Hace exactamente 50 años, cuando en 1972 se desarrollaban los Juegos Olímpicos de Munich, mediante los cuales Alemania pretendía dejar atrás la mala imagen con la que Hitler había manchado el evento ecuménico en 1936 en Berlín, un comando palestino se escabulló de madrugada en la Villa Olímpica para hacer pública su lucha.
En el ataque a la delegación judía asesinaron a dos atletas y secuestraron a los nueve restantes integrantes del plantel deportivo. El grupo extremista palestino Septiembre Negro había organizado el operativo para exigir la liberación de 236 prisioneros, que estaban en poder de Israel.
Tras varias horas, las negociaciones no llegaban a buen término por lo que las autoridades organizaron un intento de rescate, pero la acción resultó fallida y hasta hoy ese suceso es recordado como “La masacre de Munich”. La Policía logró abatir a cinco de los ocho terroristas, pero no pudieron salvar a las nueve víctimas judías, a las que se sumó la vida de un oficial alemán.
Los tres palestinos sobrevivientes fueron capturados, pero menos de dos meses después exigieron ser liberados como canje para salvar a los pasajeros de la aerolínea Lufthansa, que habían sido secuestrados.
Horas después fueron liberados y llegaron a Libia como verdaderos héroes.
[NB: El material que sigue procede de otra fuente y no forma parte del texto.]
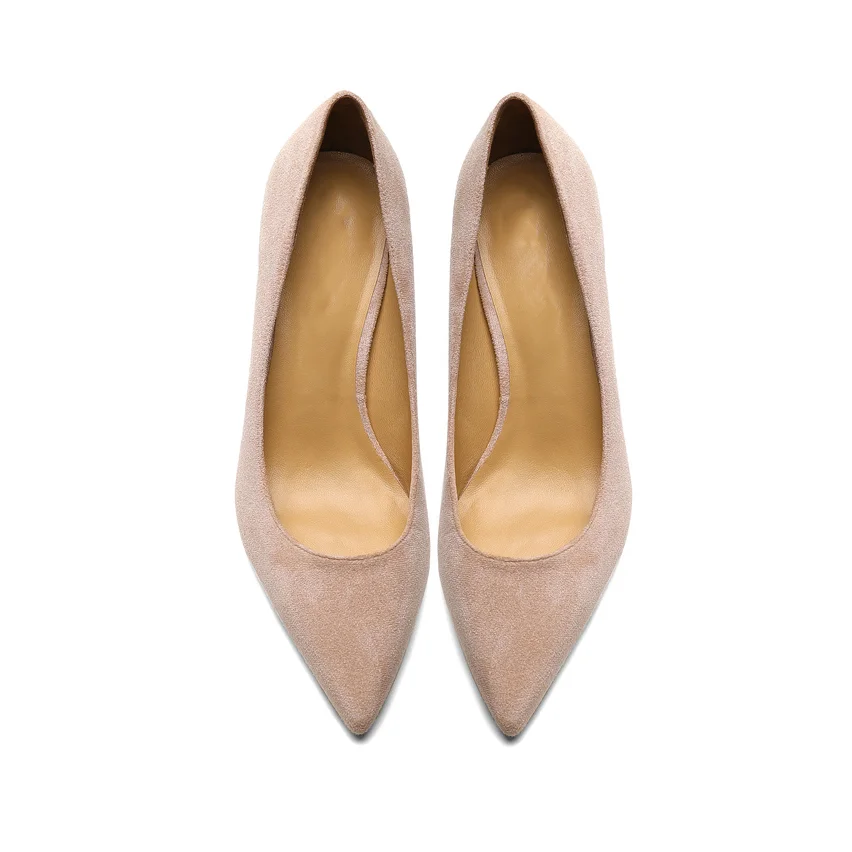 30mm Chunky Heels Pointed Toe Kitten Daily Suede Pumps Low Heels for Women-MERUMOTE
El recibimiento fue realmente inolvidable. Inolvidable para ellos, que se sentían a salvo; inolvidable para Israel, que no podía dejar las cosas en la impunidad.
A partir de entonces, una de las agencias de inteligencia de Israel, el Mossad, se concentró en hacer justicia y en los siguientes meses, sigilosamente investigó sobre los responsables de la muerte de sus miembros del equipo olímpico.
Durante la operación encubierta conocida como “Cólera de Dios” no solo dieron caza a los organizadores de Septiembre Negro, sino que también a más de una docena de los militantes, desde Europa hasta Oriente Medio. Es que debían pagar por su acto de terrorismo, por la Justicia misma, pero lo más importante era para enviar el mensaje al mundo de que no había lugar en la Tierra en la que pudieran esconderse si atacaban a Israel.
De los ocho extremistas que atacaron la Villa Olímpica en 1972 solo uno se salvó, Jamal Al-Gashey, quien permaneció oculto y nunca más pudo tener una vida pública o normal.
Me cuesta imaginar esa clase de vida, encerrado, con miedo, viendo siempre sombras que se mueven detrás, pero es el precio que la sociedad exige cuando uno de sus integrantes comete traición a su deber como ciudadano y durante un tiempo se siente poderoso pisoteando a los demás y hasta un héroe en su entorno.
Apenas hace dos días Caacupé se llenó de fieles, miles de personas en caravana hicieron una fiesta de colores y esperanza, pero una persona como Jamal no se atrevió a salir, se escondió y no se animó a dar la cara. Su vida bajo las piedras está por comenzar y lo sabe. Teme, a pesar de toda la fortuna malhabida que acopió en los últimos años.
Monseñor Ricardo Valenzuela fue duro en su extensa carta al pueblo y a sus dirigentes. Recordó que estamos en tiempos electorales y que los ciudadanos están cansados de las autoridades corruptas y que es tiempo de demandas de la ciudadanía a quienes aspiran a ocupar cargos o a continuar en ellos.
El mensaje de Israel por lo de Munich de 1972 sigue vigente medio siglo después. No se puede dejar de castigar las malas acciones porque fomenta una sensación de impunidad y eso lleva a que las injusticias se encadenen una tras otra. Es importante que sepan que no existe un lugar en el que encontrarán la paz.